Do I need to use all of these techniques?
No. Start with the techniques that match your current capabilities and data availability. IOC hunting and basic stack counting are good starting points for teams new to hunting. Hypothesis-driven and TTP-based techniques reward investment in analyst training and environmental knowledge. Build complexity as your program matures.
How does MITRE ATT&CK help with threat hunting?
ATT&CK provides a structured inventory of attacker behaviors that hunters can systematically search for. By mapping your detection coverage to ATT&CK techniques, you can identify which behaviors you have good visibility into, which you can hunt for manually, and which represent gaps in your program.
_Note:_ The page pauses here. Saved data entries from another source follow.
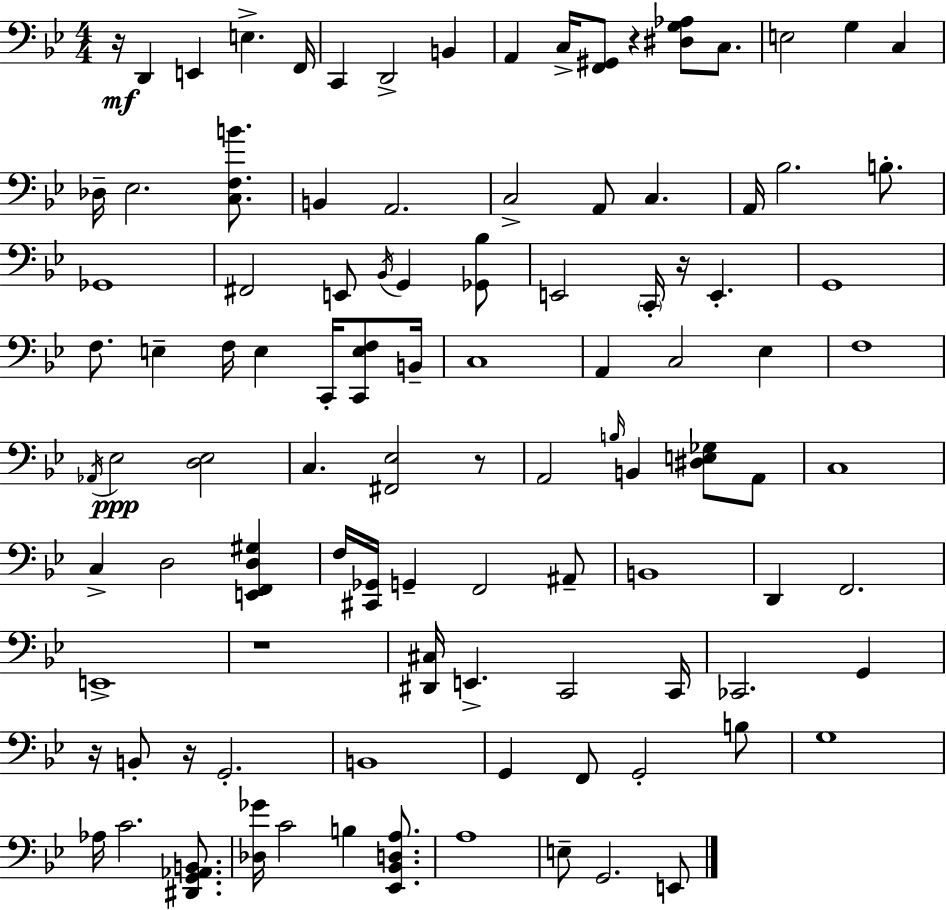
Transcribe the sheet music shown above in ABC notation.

X:1
T:Untitled
M:4/4
L:1/4
K:Gm
z/4 D,, E,, E, F,,/4 C,, D,,2 B,, A,, C,/4 [F,,^G,,]/2 z [^D,G,_A,]/2 C,/2 E,2 G, C, _D,/4 _E,2 [C,F,B]/2 B,, A,,2 C,2 A,,/2 C, A,,/4 _B,2 B,/2 _G,,4 ^F,,2 E,,/2 _B,,/4 G,, [_G,,_B,]/2 E,,2 C,,/4 z/4 E,, G,,4 F,/2 E, F,/4 E, C,,/4 [C,,E,F,]/2 B,,/4 C,4 A,, C,2 _E, F,4 _A,,/4 _E,2 [D,_E,]2 C, [^F,,_E,]2 z/2 A,,2 B,/4 B,, [^D,E,_G,]/2 A,,/2 C,4 C, D,2 [E,,F,,D,^G,] F,/4 [^C,,_G,,]/4 G,, F,,2 ^A,,/2 B,,4 D,, F,,2 E,,4 z4 [^D,,^C,]/4 E,, C,,2 C,,/4 _C,,2 G,, z/4 B,,/2 z/4 G,,2 B,,4 G,, F,,/2 G,,2 B,/2 G,4 _A,/4 C2 [^D,,G,,_A,,B,,]/2 [_D,_G]/4 C2 B, [_E,,_B,,D,A,]/2 A,4 E,/2 G,,2 E,,/2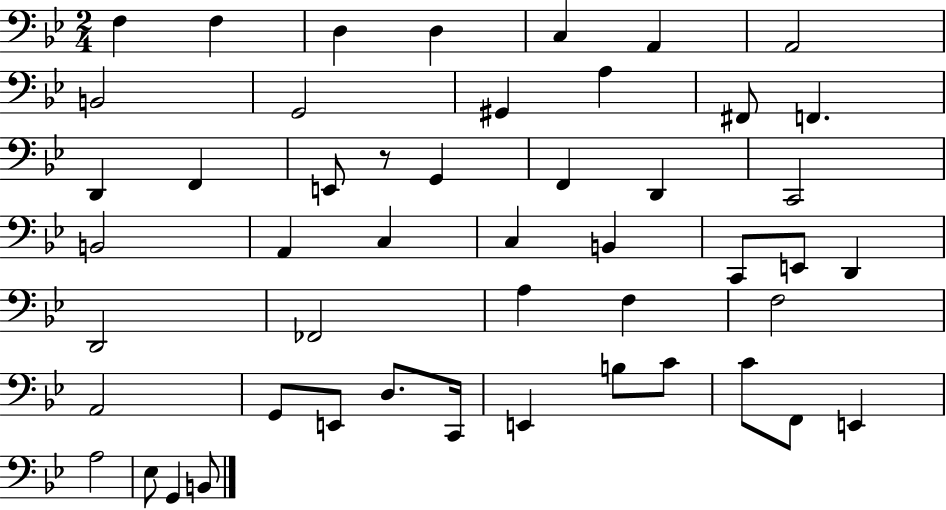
X:1
T:Untitled
M:2/4
L:1/4
K:Bb
F, F, D, D, C, A,, A,,2 B,,2 G,,2 ^G,, A, ^F,,/2 F,, D,, F,, E,,/2 z/2 G,, F,, D,, C,,2 B,,2 A,, C, C, B,, C,,/2 E,,/2 D,, D,,2 _F,,2 A, F, F,2 A,,2 G,,/2 E,,/2 D,/2 C,,/4 E,, B,/2 C/2 C/2 F,,/2 E,, A,2 _E,/2 G,, B,,/2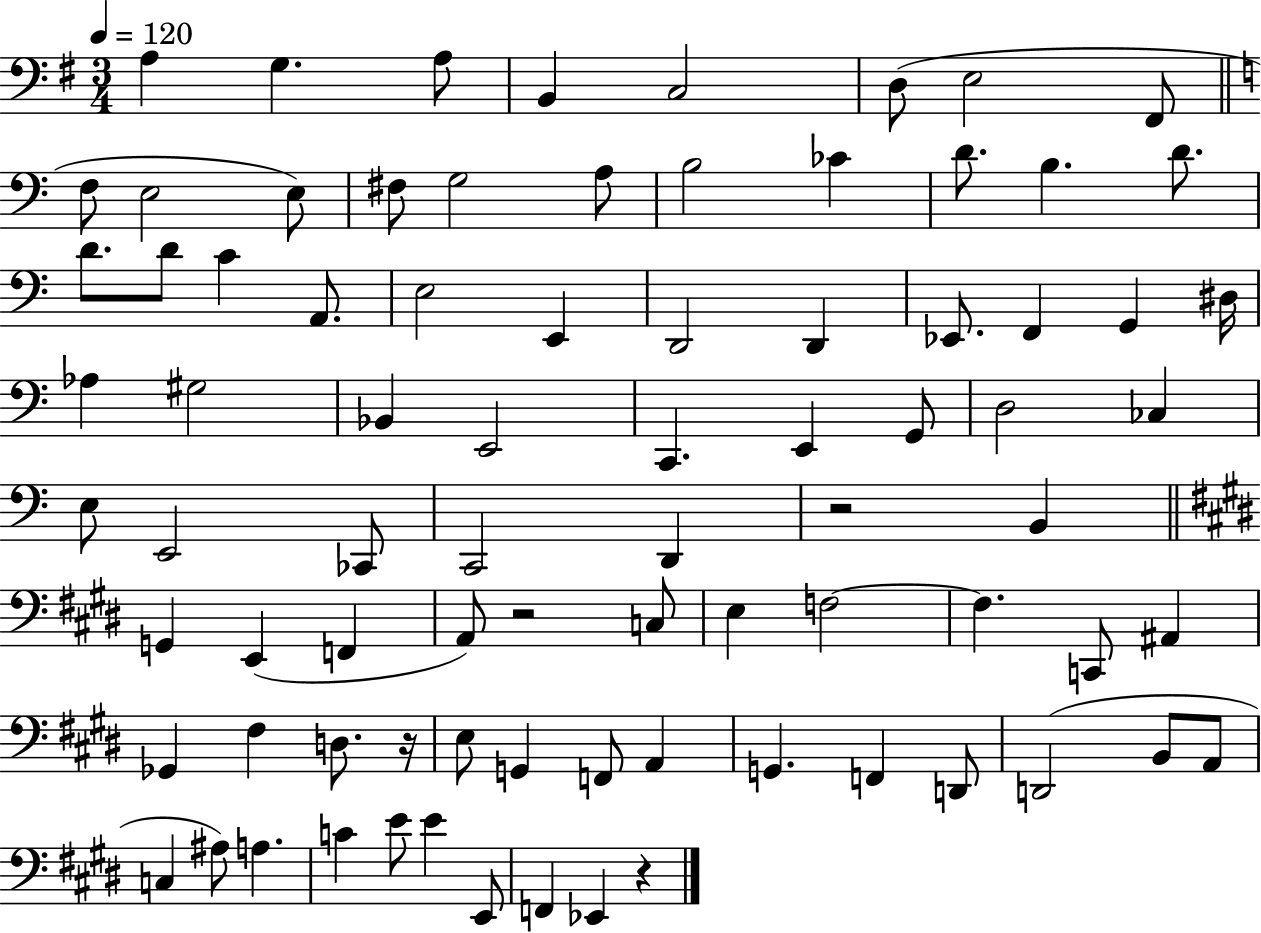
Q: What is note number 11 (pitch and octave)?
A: E3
It turns “hunt for threats” into a structured, measurable activity.
Can automated tools replace manual hunting techniques?
Automation helps with scale and consistency (running scheduled IOC sweeps, flagging statistical outliers automatically) but it can’t replicate the creative thinking of hypothesis-driven hunting. Automated tools find what they’re programmed to find. Skilled hunters find what they hypothesize might be there, even without prior indicators. The best programs combine both.